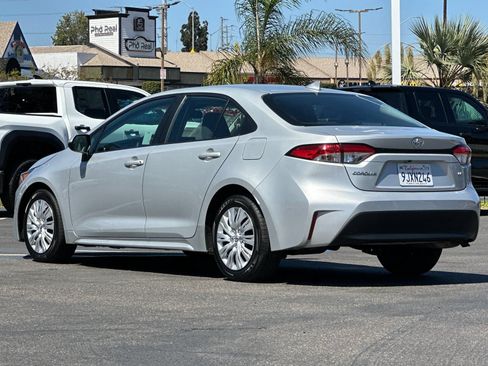 Used 2024 Toyota Corolla LE FWD image 3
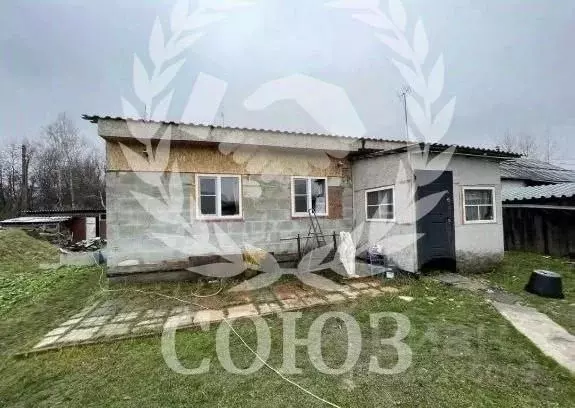 Дом в Тульская область, Суворовский район, Северо-Западное с/пос, д. ... - Фото 1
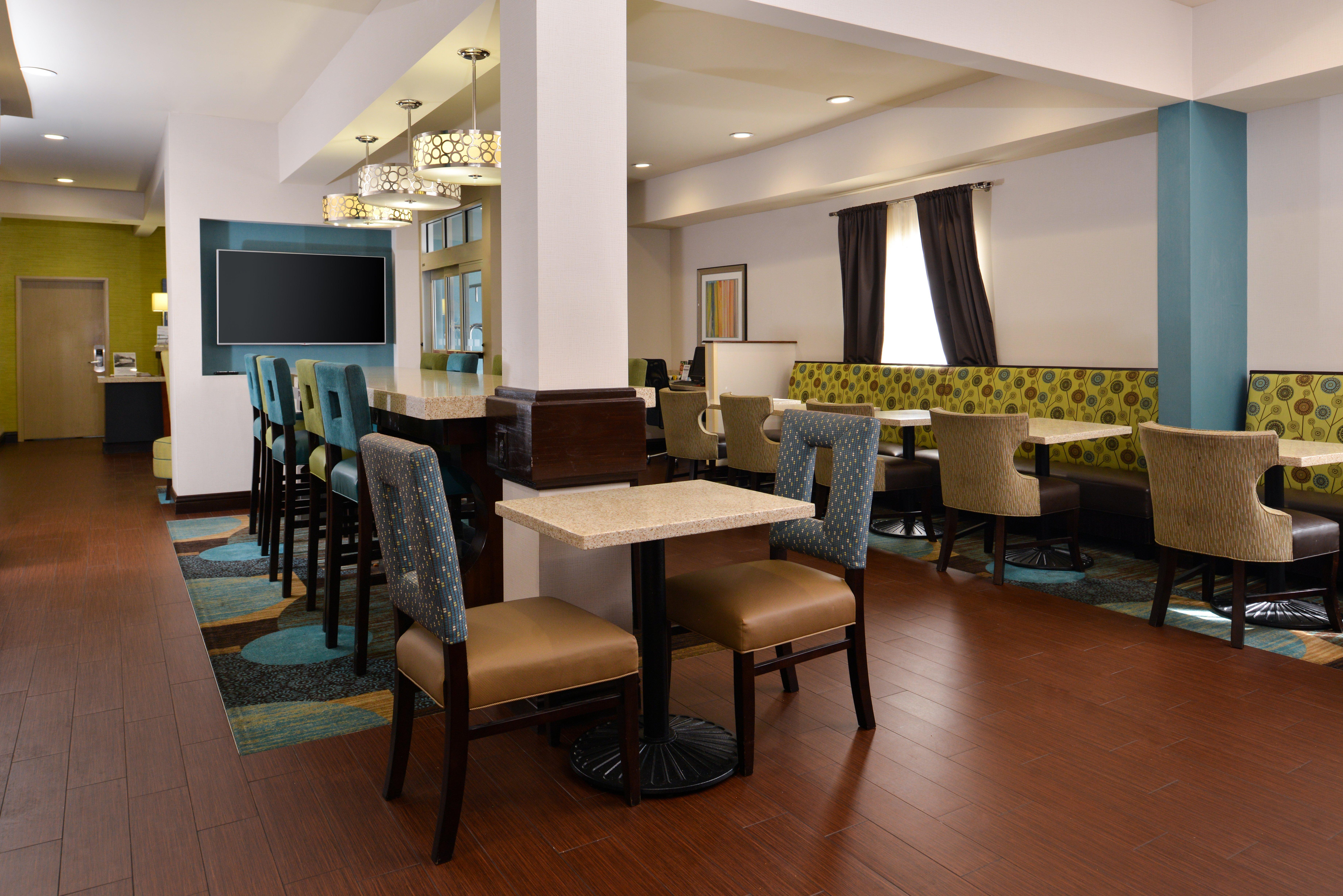 Holiday Inn Express Montgomery East I-85 By Ihg Esterno foto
_____
** What the task requires **
Provide the listing above once more, exactly, with the pictures removed.

** Response to this exercise **
 Used 2024 Toyota Corolla LE FWD image 3
 Дом в Тульская область, Суворовский район, Северо-Западное с/пос, д. ... - Фото 1
 Holiday Inn Express Montgomery East I-85 By Ihg Esterno foto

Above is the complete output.